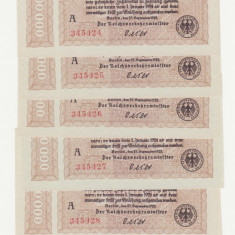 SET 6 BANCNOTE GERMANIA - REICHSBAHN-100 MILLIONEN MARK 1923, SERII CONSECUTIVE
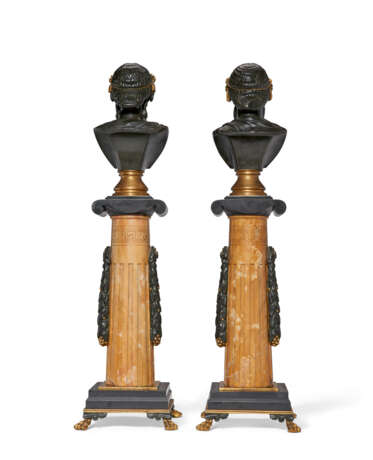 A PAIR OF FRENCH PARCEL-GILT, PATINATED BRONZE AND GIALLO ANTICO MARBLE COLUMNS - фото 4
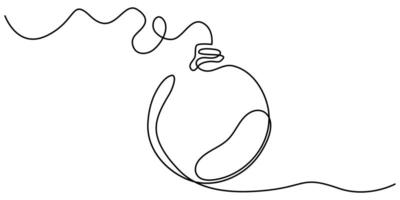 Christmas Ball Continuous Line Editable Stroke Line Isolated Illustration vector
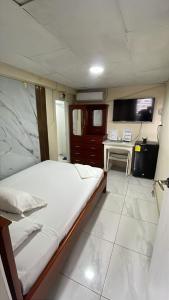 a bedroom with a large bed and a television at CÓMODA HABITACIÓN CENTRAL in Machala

======

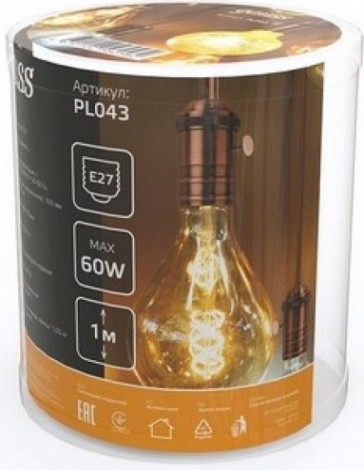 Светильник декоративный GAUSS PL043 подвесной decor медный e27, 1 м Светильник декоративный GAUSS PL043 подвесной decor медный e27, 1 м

======

## WHAT TO DO
Nothing but the lines above, starting at the line that contains "SET 6 BANCNOTE" and ending at the line that contains "a bedroom with", should be given again, exactly and without the pictures.

## COMPLETED TASK
 SET 6 BANCNOTE GERMANIA - REICHSBAHN-100 MILLIONEN MARK 1923, SERII CONSECUTIVE
 A PAIR OF FRENCH PARCEL-GILT, PATINATED BRONZE AND GIALLO ANTICO MARBLE COLUMNS - фото 4
 Christmas Ball Continuous Line Editable Stroke Line Isolated Illustration vector
 a bedroom with a large bed and a television at CÓMODA HABITACIÓN CENTRAL in Machala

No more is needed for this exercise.